===== Stored data
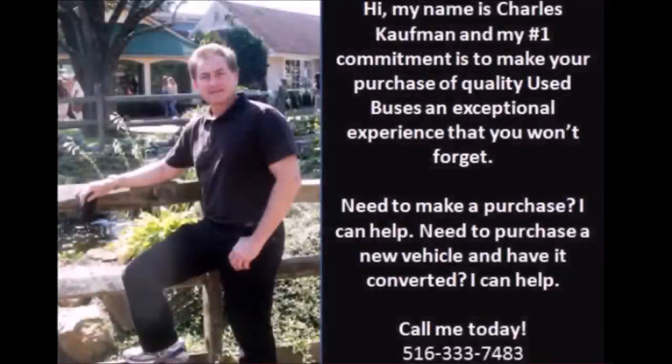For more information on this used bus for sale, call Charlie at 516-333-7483, or visit us at www.getanybus.com.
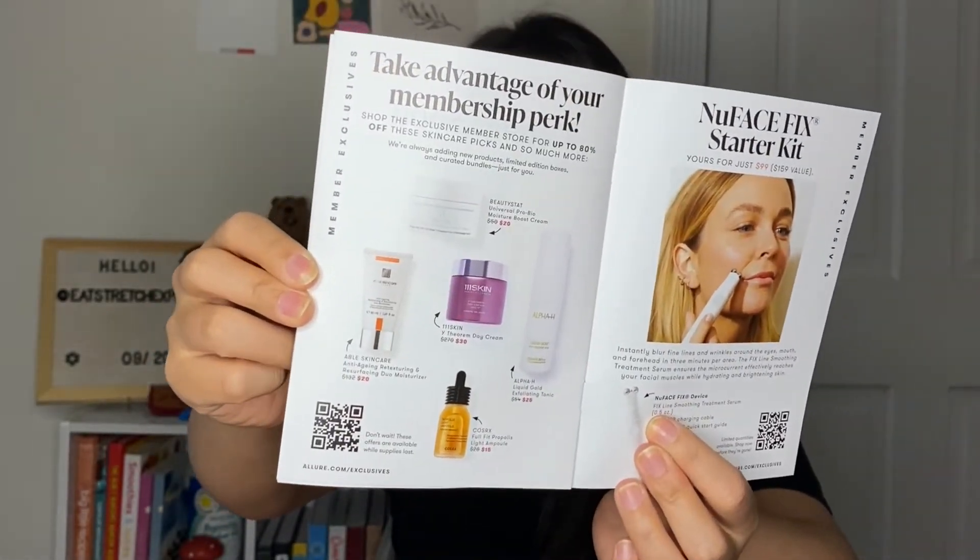Overall, I think this was definitely a win of a box. At $23, I'm going to use almost all of the products — except for the perfume sample; I usually get those at the department store anyway, and now I know the $135 full size isn't for me. Everything else I'll definitely use — my hand feels so soft from the Laneige and I've really been missing that product. I'm a little concerned about the oil serum for my face given all those ingredients.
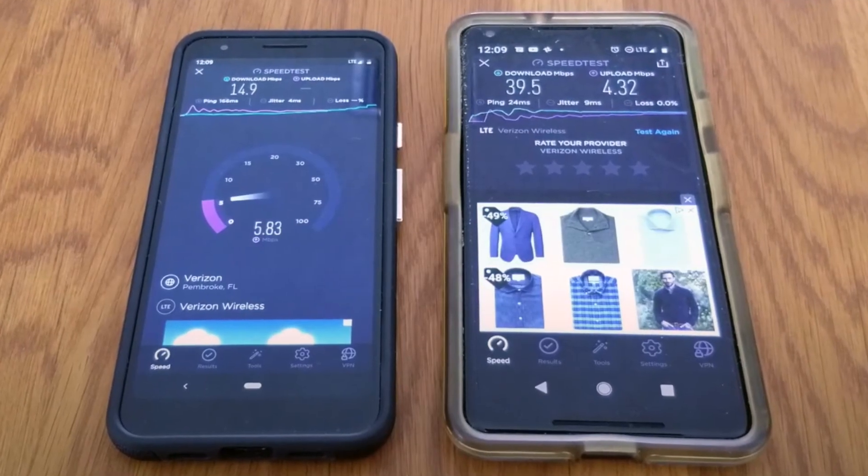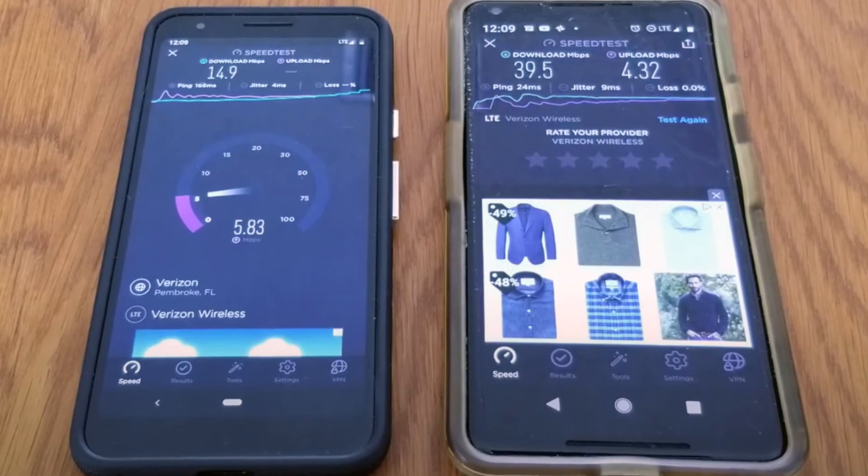Although Visible's data speeds have worked for me and my fairly typical data needs, it's not going to be for everyone, and it all comes down to deprioritization. Back in 2019, I did a side-by-side comparison of Verizon Postpaid and Visible. The speed test definitely showed Verizon Postpaid was faster, and that should be expected because Visible tells you: when there is network congestion, those Verizon Postpaid customers are going to get priority. For me, this isn't a big deal because all those people on Verizon Postpaid are paying a whole lot more — with Visible, I'm just paying $25 a month with party pay.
==========
What you should do: Please copy the data above character for character, skipping any pictures.

Answer to this exercise:
For more information on this used bus for sale, call Charlie at 516-333-7483, or visit us at www.getanybus.com.
Overall, I think this was definitely a win of a box. At $23, I'm going to use almost all of the products — except for the perfume sample; I usually get those at the department store anyway, and now I know the $135 full size isn't for me. Everything else I'll definitely use — my hand feels so soft from the Laneige and I've really been missing that product. I'm a little concerned about the oil serum for my face given all those ingredients.
Although Visible's data speeds have worked for me and my fairly typical data needs, it's not going to be for everyone, and it all comes down to deprioritization. Back in 2019, I did a side-by-side comparison of Verizon Postpaid and Visible. The speed test definitely showed Verizon Postpaid was faster, and that should be expected because Visible tells you: when there is network congestion, those Verizon Postpaid customers are going to get priority. For me, this isn't a big deal because all those people on Verizon Postpaid are paying a whole lot more — with Visible, I'm just paying $25 a month with party pay.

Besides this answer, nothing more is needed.